Le sel dans tous ses états
Non loin de là, un autre site patrimonial attire davantage les foules. Le sel y a longtemps été roi et sert désormais de décor à un étonnant centre de loisirs souterrain du nom de Salina Turda. Déjà exploitées avant la conquête romaine, les mines de Turda l’ont été jusqu’en 1932. A la fois parc de loisirs, d’aventure et de découverte, Salina Turda mêle l’histoire, via la visite de chambres minières historiques ou encore l’approche des techniques anciennes, à des évasions plus contemporaines. Pas banal de s’offrir dans les profondeurs terrestres une partie de ping-pong, de badminton, de bowling ou de minigolf, voire une virée en barque sur un lac souterrain, plus insolite encore, un tour de grande roue… Il se dit que le sel de la mine de Turda pourrait « répondre aux besoins en sel de la planète entière pendant soixante ans ». L’inédit de l’escapade à 120 mètres sous terre à Turda tient avant tout dans le caractère époustouflant d’un site au passé et au présent hors norme.
Coup de cœur
Un Jardin Botanique extra

Oubliées les cathédrales, catholique, orthodoxe, grecque et autres chapelles et synagogue.

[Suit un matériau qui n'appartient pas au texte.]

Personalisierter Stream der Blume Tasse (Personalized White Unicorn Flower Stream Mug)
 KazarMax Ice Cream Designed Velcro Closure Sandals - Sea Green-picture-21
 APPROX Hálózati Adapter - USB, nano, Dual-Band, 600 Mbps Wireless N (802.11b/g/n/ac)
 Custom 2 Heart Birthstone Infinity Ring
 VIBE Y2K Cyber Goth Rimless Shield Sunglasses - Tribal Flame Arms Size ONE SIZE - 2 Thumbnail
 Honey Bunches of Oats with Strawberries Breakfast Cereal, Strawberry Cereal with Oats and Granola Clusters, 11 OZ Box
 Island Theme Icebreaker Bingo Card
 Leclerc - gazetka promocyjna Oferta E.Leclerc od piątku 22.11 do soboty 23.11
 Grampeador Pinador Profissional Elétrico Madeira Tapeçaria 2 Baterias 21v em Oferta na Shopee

L’architecture s’estompe. L’animation urbaine n’est plus que souvenir. A dix minutes à pied au sud du centre, un havre de paix s’offre à vous. Bienvenue au Jardin Botanique Alexandru Borza, créé en 1872. Sur près de quatorze hectares de verdure, le site, à vocation universitaire et de recherche, partage volontiers au public plus de dix mille espèces de plantes du monde entier. Le charme tient surtout dans la diversité des atmosphères qu’offre l’errance. Ici le temps s’arrête sur un pont de bois arrondi de couleur rouge au cœur d’un jardin japonais ; là une forêt typique des Carpates évoque une vie faite d’imaginaire ; plus loin une roseraie ravive les envolées poétiques ; des plans d’eau regorgent de nénuphars ; des tourbières se colorent de plantes microscopiques. La déambulation met également en présence d’une intéressante série de statues, à la rencontre de botaniste, scientifique, poète, de déesse, fille à pichet ou grande dame. Des serres géantes laissent imaginer l’ampleur de la tâche. Le château d’eau, devenu point d’observation de la canopée, mérite l’ascension. Une balade vraiment sympa !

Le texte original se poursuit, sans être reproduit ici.